Currently, as with object files, compilers always update a BMI file even if the contents have not changed. Because modules increase the potential scope of "non-changes" to cause (conceptually) unnecessary recompilation, it might be useful to avoid recompilation of module consumers if the BMI file has not changed. This might be achieved by wrapping the compilation to juggle the BMI through a cmake -E copy_if_different pass with ninja's restat = 1 feature to avoid recompiling importers if the BMI file doesn't actually change.

Easier Source Specification

The initial implementation of CMake's module support had used the "just list sources; CMake will figure it out" pattern. However, this ran into issues related to other metadata requirements. These were discovered while implementing CMake support beyond just building the modules-using code.

Conflicts with Separate BMI Generation on a single target, as that requires knowledge of all BMI-generating rules at generate time.

Separate BMI Generation

CMake currently uses a single rule to generate both the BMI and the object file for a compilation. At least Clang supports compiling an object directly from the BMI. This would be beneficial because BMI generation is typically faster than compilation and generating the BMI as a separate step allows importers to start compiling without waiting for the object to also be generated.

This is not supported in the current implementation as only Clang supports generating an object directly from the BMI. Other compilers either do not support such a two-phase generation (GCC) or need to start object compilation from the source again.

Conflicts with Easier Source Specification on a single target because CMake must know all BMI-generating sources at generate time rather than build time to create the two-phase rules.

Module Compilation Glossary

BMI

Built Module Interface. A compiler-generated binary representation of a C++ module's interface that is required by consumers of the module. File extensions vary by compiler.

CMI

Compiled Module Interface.

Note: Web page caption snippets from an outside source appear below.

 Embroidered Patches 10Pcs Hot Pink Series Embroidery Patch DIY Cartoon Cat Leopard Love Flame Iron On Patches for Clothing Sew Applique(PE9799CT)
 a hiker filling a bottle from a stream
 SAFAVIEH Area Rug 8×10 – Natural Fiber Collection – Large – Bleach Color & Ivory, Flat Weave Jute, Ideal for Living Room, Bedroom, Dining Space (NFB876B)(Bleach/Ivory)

Alternative name for BMI used by some compilers.

build database

A JSON file containing compilation commands, module dependencies, and grouping information. Used for IDE integration and build analysis.

build system

A tool that facilitates the building of software which includes a model of how components of the build relate to each other. For example, CMake, Meson, build2, and more.

build tool

A build graph execution tool. For example, ninja and make. Some build tools are also their own build system.

C++ module

A C++20 language feature for describing the API of a piece of software. Intended as a replacement for headers for this purpose.

collate

The process of aggregating module information from scanned sources to ensure correct compilation order and to provide metadata for other parts of the build (e.g., installation or a build database).

discovered dependencies

Dependencies found during the processing of a command that do not need to be explicitly declared.

dynamic dependencies

Dependencies which require a separate command to detect so that a further command may have its dependencies satisfied.

embarrassingly parallel

A set of tasks which, due to having minimal dependencies between them, can be easily divided into many independent tasks that can be executed concurrently.

explicit build

A build strategy where module dependencies are explicitly specified rather than discovered.

fixed build

A build strategy where all module dependencies are computed and inserted directly into the build graph.

header unit

A header file which is used via an import statement rather than an #include preprocessor directive. Implementations may provide support for treating #include as import as well.

implementation unit

A C++ translation unit that implements module entities declared in a module interface unit.

implicit build

A build strategy where module dependencies are discovered by searching for BMI files during compilation.

internal partition unit

A translation unit which contains a partition name and is not exported from the primary module interface unit.

module interface unit

A translation unit that declares a module's public interface using export module. Such a unit may or may not be also be a partition unit.

module map

A compiler-specific file mapping module names to BMI locations.

module visibility

CMake's enforcement of access rules for modules based on their declaration scope (PUBLIC/PRIVATE).

ODR

One Definition Rule. The C++ requirement that any entity be defined exactly once per program.

partition unit

A translation unit which describes a module with a partition name (i.e., module MODNAME:PARTITION;). The partition may or may not use the export keyword. If it does, it is also a module interface unit; otherwise, it is a internal partition unit.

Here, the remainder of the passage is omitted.